Data cardinality is ambiguous in shape of input to LSTM layer


Suppose I have these 7 time-series samples:

1,2,3,4,5,6,7

I know there is a relation between each sample and its two earlier ones. It means when you know two earlier samples are 1,2 then you can predict the next one must be 3 and for 2,3 the next one is 4 and so on.

Now I want to train a RNN with a LSTM layer for above samples. What I did is:

import numpy as np
import tensorflow as tf
from tensorflow import keras
from tensorflow.keras import layers

X = np.array([[[1]],[[2]],[[3]],[[4]],[[5]],[[6]],[[7]]])
Y = np.array([[3],[4],[5],[6],[7]])

model = keras.Sequential([
    layers.LSTM(16, input_shape=(2, 1)),
    layers.Dense(1, activation="softmax")
])

model.compile(optimizer="rmsprop",
loss="mse",
metrics=["accuracy"])

model.fit(X, Y, epochs=1, batch_size=1)

But I have encounter with this error:

ValueError: Data cardinality is ambiguous:
  x sizes: 7
  y sizes: 5
Make sure all arrays contain the same number of samples.

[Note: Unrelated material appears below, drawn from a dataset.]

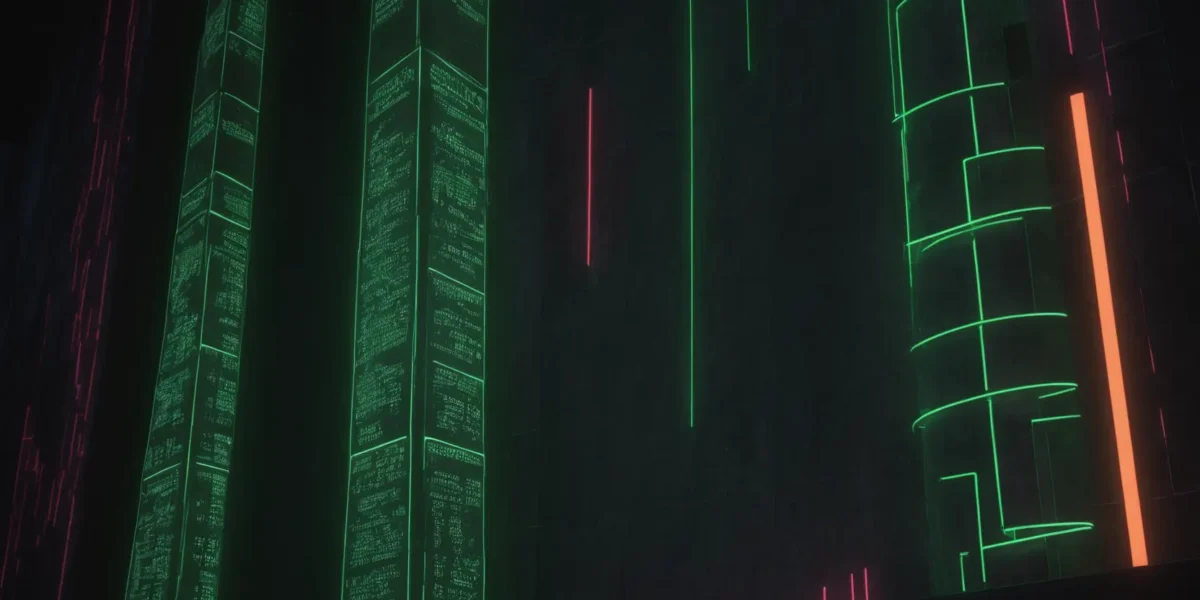 Colonne di testo e forme geometriche luminose richiamano la conformità aziendale e la gestione dei rischi, con firma Scudo231.it.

I do not know how I have to change the shape of X and Y to solve the problem?


Solution

  • There are couple of issue. First, because of supervision training, you need to make sure that the length of the training paris (X and corresponding Y) are same. Next, as you want to build a model that would take 1 and 2 and predict 3, that's why you also need to prepare your dataloader accordingly such that, it produces two values as X and a target value as Y; for example, for first instance, it might be as follows: X[0]: [[1], [2]] and Y[0]: [3]. Lastly, in your last layer, you used activation softmax which is incorrect to use here, instead it should be linear activaiton. Below is the full working code.

    Data Generator

    data = np.array([1, 2, 3, 4, 5, 6, 7])
    sequences_length = 2
    
    def dataloader(data, sequences_length):
        X, Y = [], []
        for i in range(len(data) - sequences_length):
            X.append(data[i:i+sequences_length])
            Y.append(data[i+sequences_length])
        return np.array(X), np.array(Y)
    
    X, Y = dataloader(data, sequences_length)
    X = np.reshape(X, (X.shape[0], sequences_length , 1))
    
    # check
    for i in range(X.shape[0]):
        print(X[i].reshape(-1), Y[i])
    [1 2] 3
    [2 3] 4
    [3 4] 5
    [4 5] 6
    [5 6] 7
    

    Model

    model = keras.Sequential([
        layers.LSTM(64, input_shape=(sequences_length, 1)),
        layers.Dense(1)
    ])
    model.compile(optimizer="adam", loss="mse")
    model.fit(X, Y, epochs=1000, batch_size=1)
    

    Prediction

    inference_data = np.array([[8, 9]]).reshape(
        1, sequences_length, 1
    )
    model.predict(inference_data)
    1/1 [==============================] - 0s 25ms/step
    array([[9.420095]], dtype=float32)